The resurgence in film photography, especially with younger photographers has led to a sharp increase in the price of old film cameras. In 2008 I bought a mint Nikon L35AF for a measly £3 . With the ascendancy of DSLRs and Mirrorless systems, people couldn’t get rid of their film gear quickly enough.
10 years on and classic compacts, SLRs, rangefinders and medium format cameras go for premium prices, although only for certain cameras with a certain cachet. Cameras like the Canon AE1, Olympus MjuII, Pentax 67, Mamiya 7, anything Contax or Leica all seem to be a costly camera of choice for the affluent young blogger or YouTuber.
I however grew up on a Praktica MTL3 and whatever cheap M42 lenses I could get, and even though I progressed to the heights of Praktica B mount and aperture priority exposure, I still have a fondness for a more budget approach to film photography.
So while looking on the EBay for a 28mm lens to go with a battered but working Pentax K1000 rescued from impending landfill, I managed to obtain for the princely sum of a tenner:
- A mint Ricoh KR-5 with 50mm f2 Riconar lens
- A Sirius 28mm lens
- A Sirius 135mm lens
- An olive green Miranda bag
- A wee sync cable
- A blower brush (essential for negative scanning)
I don’t think I’ve ever felt as pleased with myself.
The KR5 it should be said is a basic beginners camera of the most utilitarian order. But my god it’s beautiful. A solid mix of metal body and plastic casing – the name and model is cut into the plastic, none of your sticker nonsense here – it has a solid, unfussy design.
It’s jet black – front, back and top with minimal controls. You get a shutter dial, film speed dial, lever advance and shutter release button (threaded for cable release). A self-timer on the front and that’s your lot. Even the shutter speed dial keeps it basic. No wide range of speeds either..

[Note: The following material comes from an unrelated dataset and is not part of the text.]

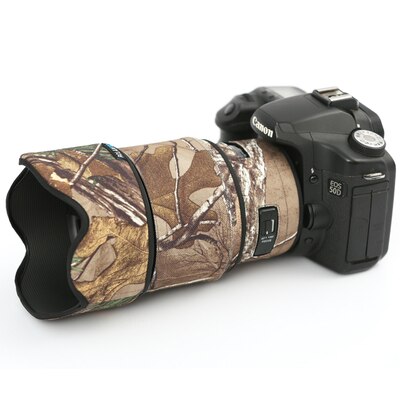 ROLANPRO Waterdichte Lenshoes voor Canon RF 200-800mm F6.3-9 IS USM, Telelens Regenhoes Krasbestendig Camouflage voor Natuurfotografie en Vogelspotten - UCP Grijs Digitaal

A modest fastest speed of 1/500th is complemented by a slowest of 1/8th with B the only setting below this. So any milky water shots, you’re on B and counting. In reality of course if you’re street shooting or doing a photo-walk, this is going to cover most situations unless you’re using Ilford Delta 3200 on a bright summer day. Equally in the studio under flash – sync of 1/60th, lens at f8 and set the lights accordingly.
Exposure is measured through a simple CdS exposure meter powered by two G13/SR44 batteries. A useful feature is that the meter only works when the lever is half-cocked to show the red dot as seen above. Unlike the Pentax K1000 whose meter is always on and needs a lens cap on to stop battery drain, the exposure is only read when the lever is in this position.
Simplicity is extended through to the viewfinder screen.
It’s big, bright and has a needle that moves up and down. No LED’s or even +/- indicators. When it’s in the middle you’re good to go. Even the focussing circle in the centre is unfussy and is clear to see when you’re in focus.
And that’s the KR-5. Next step is to load film and shoot.
And that’s the Ricoh KR-5 in all its wonderful simplicity. You may ask what’s the difference between it and any of the numerous other manual SLR’s of the 1970’s and 80’s and there’s undoubtedly more sophisticated, desirable cameras out there, cameras with greater versatility and even ones with more than 7 shutter speeds.
It’s strength is in the simplicity of use and its limited options and functionality which puts the onus on the photographer. It combines Eastern Bloc utilitarianism with a bit of Japanese reliability and sleeker design. It’s not too heavy, the shutter’s not too loud and the solid black look and stripped back functionality make it the Johnny Cash of cameras.
And you can pick them up for next to nothing.